Ignore padding while batch training AutoEncoder with LSTM Encoder and Decoder

def denoise_train(x: DataLoader):
    loss = 0
    x_padded = list(map(lambda s: pad_string(s), x))
    x_idx_tensor = strings_to_index_tensor(x_padded)
    noisy_x = list(map(lambda s: noise_name(s), x))
    noisy_x_padded = list(map(lambda s: pad_string(s), noisy_x))
    noisy_x_idx_tensor = strings_to_index_tensor(noisy_x_padded)
    noisy_x_rnn_tensor = to_rnn_tensor(noisy_x_idx_tensor)
    batch_sz = len(x)
    encoder_hidden = encoder.init_hidden(batch_size=batch_sz)
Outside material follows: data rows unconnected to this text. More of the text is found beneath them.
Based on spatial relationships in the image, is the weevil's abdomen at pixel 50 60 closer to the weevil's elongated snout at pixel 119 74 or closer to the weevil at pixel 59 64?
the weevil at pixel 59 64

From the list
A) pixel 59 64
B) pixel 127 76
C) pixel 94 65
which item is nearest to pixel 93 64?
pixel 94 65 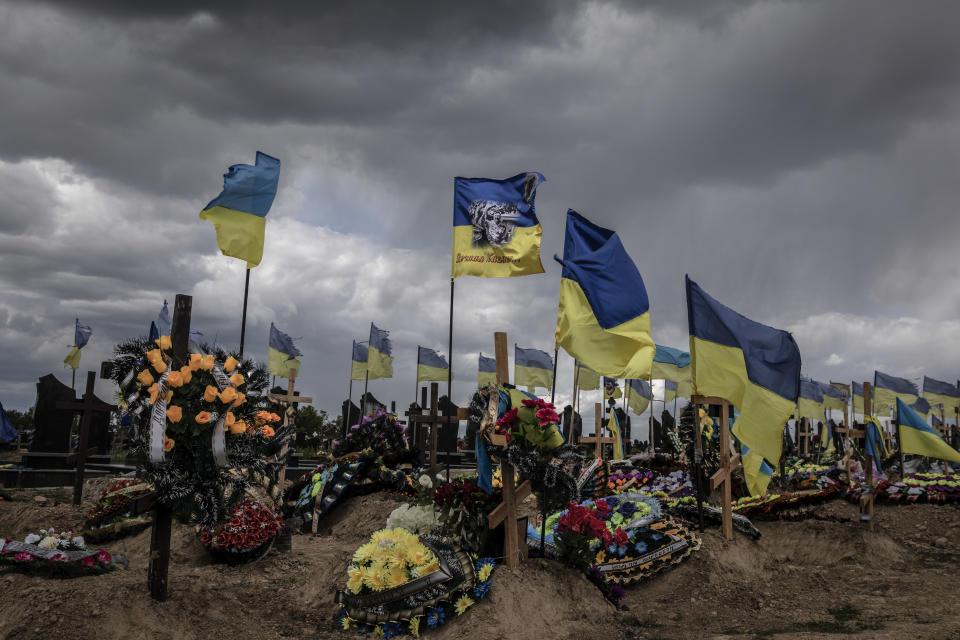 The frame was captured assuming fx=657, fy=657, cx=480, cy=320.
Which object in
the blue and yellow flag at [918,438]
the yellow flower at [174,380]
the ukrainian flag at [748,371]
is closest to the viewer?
the yellow flower at [174,380]

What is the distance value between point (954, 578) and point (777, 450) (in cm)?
407

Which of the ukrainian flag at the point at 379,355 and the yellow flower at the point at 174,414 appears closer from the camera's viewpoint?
the yellow flower at the point at 174,414

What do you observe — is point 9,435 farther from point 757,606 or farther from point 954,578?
point 954,578

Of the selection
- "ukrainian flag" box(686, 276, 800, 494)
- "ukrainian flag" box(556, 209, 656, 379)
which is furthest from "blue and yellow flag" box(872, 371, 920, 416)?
"ukrainian flag" box(556, 209, 656, 379)

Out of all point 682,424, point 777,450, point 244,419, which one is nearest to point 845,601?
point 777,450

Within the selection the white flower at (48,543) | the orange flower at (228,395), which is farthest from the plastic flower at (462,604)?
→ the white flower at (48,543)

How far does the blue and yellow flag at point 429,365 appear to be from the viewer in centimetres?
2758

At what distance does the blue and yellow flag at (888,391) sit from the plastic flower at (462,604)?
3339cm

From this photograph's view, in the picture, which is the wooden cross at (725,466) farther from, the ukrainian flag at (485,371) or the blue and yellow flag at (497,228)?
the ukrainian flag at (485,371)

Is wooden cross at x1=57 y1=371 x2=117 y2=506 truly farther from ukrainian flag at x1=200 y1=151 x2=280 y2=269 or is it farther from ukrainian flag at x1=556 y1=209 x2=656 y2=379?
ukrainian flag at x1=556 y1=209 x2=656 y2=379

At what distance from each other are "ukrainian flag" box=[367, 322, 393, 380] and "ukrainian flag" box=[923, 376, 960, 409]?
30.7 m

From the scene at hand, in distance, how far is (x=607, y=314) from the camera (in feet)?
32.5

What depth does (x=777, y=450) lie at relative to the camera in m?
9.32

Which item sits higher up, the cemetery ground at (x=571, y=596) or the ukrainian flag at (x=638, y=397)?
the ukrainian flag at (x=638, y=397) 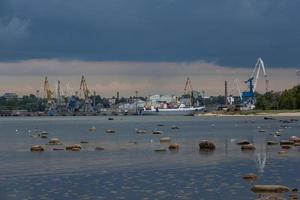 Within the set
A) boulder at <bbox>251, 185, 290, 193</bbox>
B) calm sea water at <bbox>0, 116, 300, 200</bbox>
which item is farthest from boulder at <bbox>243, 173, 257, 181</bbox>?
boulder at <bbox>251, 185, 290, 193</bbox>

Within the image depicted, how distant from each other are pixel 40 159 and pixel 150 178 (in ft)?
70.9

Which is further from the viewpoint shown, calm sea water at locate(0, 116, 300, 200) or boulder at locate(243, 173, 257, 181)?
boulder at locate(243, 173, 257, 181)

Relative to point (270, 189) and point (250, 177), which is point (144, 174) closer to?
point (250, 177)

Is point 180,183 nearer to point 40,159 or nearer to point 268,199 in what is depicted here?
point 268,199

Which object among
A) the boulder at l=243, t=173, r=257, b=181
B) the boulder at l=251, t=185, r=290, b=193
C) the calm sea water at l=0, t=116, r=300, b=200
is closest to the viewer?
the boulder at l=251, t=185, r=290, b=193

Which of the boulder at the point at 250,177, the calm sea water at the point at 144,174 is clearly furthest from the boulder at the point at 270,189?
the boulder at the point at 250,177

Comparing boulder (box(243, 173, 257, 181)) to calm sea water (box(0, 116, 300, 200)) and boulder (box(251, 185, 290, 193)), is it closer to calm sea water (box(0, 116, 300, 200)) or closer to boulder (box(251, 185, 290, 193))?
calm sea water (box(0, 116, 300, 200))

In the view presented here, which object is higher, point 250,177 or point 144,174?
point 250,177

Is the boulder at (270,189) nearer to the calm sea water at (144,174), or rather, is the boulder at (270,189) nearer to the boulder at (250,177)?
the calm sea water at (144,174)

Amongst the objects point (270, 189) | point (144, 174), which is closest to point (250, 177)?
point (270, 189)

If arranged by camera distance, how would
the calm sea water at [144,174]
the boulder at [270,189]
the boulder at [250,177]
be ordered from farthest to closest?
the boulder at [250,177] → the calm sea water at [144,174] → the boulder at [270,189]

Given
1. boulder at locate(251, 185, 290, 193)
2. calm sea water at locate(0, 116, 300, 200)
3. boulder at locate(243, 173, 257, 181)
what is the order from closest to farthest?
boulder at locate(251, 185, 290, 193) < calm sea water at locate(0, 116, 300, 200) < boulder at locate(243, 173, 257, 181)

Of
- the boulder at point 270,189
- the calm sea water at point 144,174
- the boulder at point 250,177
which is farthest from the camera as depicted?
the boulder at point 250,177

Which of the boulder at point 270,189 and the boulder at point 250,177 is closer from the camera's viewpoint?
the boulder at point 270,189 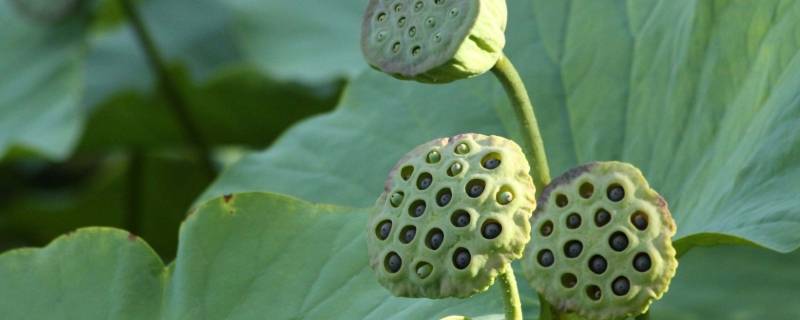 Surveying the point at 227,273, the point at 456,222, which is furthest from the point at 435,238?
the point at 227,273

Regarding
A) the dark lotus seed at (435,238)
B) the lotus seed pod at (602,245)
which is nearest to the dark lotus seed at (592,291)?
the lotus seed pod at (602,245)

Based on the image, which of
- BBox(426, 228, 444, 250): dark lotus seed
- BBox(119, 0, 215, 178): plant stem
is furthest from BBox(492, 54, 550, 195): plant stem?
BBox(119, 0, 215, 178): plant stem

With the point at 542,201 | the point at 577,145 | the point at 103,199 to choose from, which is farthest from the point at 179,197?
the point at 542,201

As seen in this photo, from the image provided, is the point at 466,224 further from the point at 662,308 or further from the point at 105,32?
the point at 105,32

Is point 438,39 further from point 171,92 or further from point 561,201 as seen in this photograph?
point 171,92

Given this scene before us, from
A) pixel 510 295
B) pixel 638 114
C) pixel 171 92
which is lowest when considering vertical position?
pixel 171 92

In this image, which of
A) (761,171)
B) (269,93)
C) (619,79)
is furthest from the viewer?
(269,93) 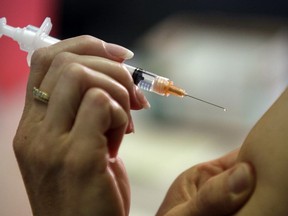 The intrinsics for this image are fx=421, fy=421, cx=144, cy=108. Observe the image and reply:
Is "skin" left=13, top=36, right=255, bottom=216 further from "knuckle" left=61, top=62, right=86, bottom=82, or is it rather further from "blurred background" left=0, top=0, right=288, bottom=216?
"blurred background" left=0, top=0, right=288, bottom=216

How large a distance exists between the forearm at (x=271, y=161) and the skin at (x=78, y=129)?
4 centimetres

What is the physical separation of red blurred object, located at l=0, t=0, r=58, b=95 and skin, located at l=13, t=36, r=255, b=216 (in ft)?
2.31

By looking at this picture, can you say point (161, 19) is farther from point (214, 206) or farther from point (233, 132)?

    for i in range(noisy_x_rnn_tensor.shape[0]):
        # LSTM requires 3 dimensional inputs
        _, encoder_hidden = encoder(noisy_x_rnn_tensor[i].unsqueeze(0), encoder_hidden)

    decoder_input = strings_to_tensor([SOS] * batch_sz)
    decoder_hidden = encoder_hidden

    for i in range(x_idx_tensor.shape[0]):
        decoder_probs, decoder_hidden = decoder(decoder_input, decoder_hidden)
        nonzero_indexes = x_idx_tensor[i]
        best_indexes = torch.squeeze(torch.argmax(decoder_probs, dim=2), dim=0)
        decoder_probs = torch.squeeze(decoder_probs, dim=0)
        best_chars = list(map(lambda idx: index_to_char(int(idx)), best_indexes))
        loss += criterion(decoder_probs, nonzero_indexes.type(torch.LongTensor))
        decoder_input = strings_to_tensor(best_chars)

    loss.backward()

    return names, noisy_x, loss.item()

The code I have above is for a denoising autoencoder for people names. The first few lines just noise the names then pad them so they’re all equal length for batch training. Then strings of names are then converted to index tensors where the index is the the number mapped for the character, then that gets converted into a one-hot encoded tensor that’s what to_rnn_tensor is for. encoder and decoder are both LSTMs, which is why the one-hot tensors are inputted sequentially. The hidden state is then put into the decoder which is also an LSTM.

My main problem is I’m trying to batch train this and not backprop on the padded characters. I’m having trouble doing this, because I can’t follow the standard packed_padded_sequences stuff cause this is an autoencoder setup. I’d like to batch train so I need to pad it, but I want pad characters to be ignored by the LSTM encoder and decoder.